• _Task description_: Write out every entry exactly as given, but omit the pictures.
---------- Material shown ----------
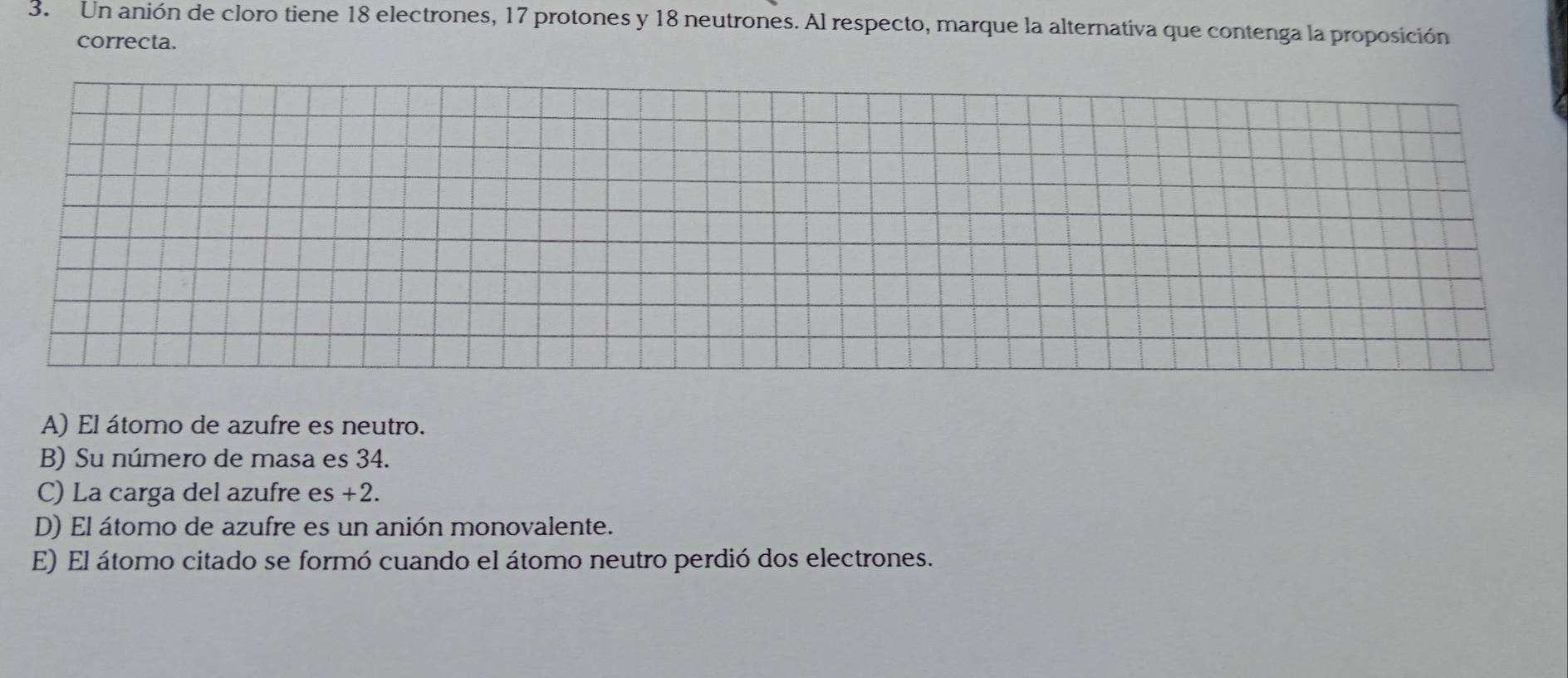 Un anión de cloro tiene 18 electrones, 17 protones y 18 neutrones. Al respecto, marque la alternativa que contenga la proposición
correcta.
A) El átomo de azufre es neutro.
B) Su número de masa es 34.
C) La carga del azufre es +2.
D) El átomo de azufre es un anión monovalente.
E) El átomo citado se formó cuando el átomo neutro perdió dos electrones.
----------
• _Finished task_:
 Un anión de cloro tiene 18 electrones, 17 protones y 18 neutrones. Al respecto, marque la alternativa que contenga la proposición
correcta.
A) El átomo de azufre es neutro.
B) Su número de masa es 34.
C) La carga del azufre es +2.
D) El átomo de azufre es un anión monovalente.
E) El átomo citado se formó cuando el átomo neutro perdió dos electrones.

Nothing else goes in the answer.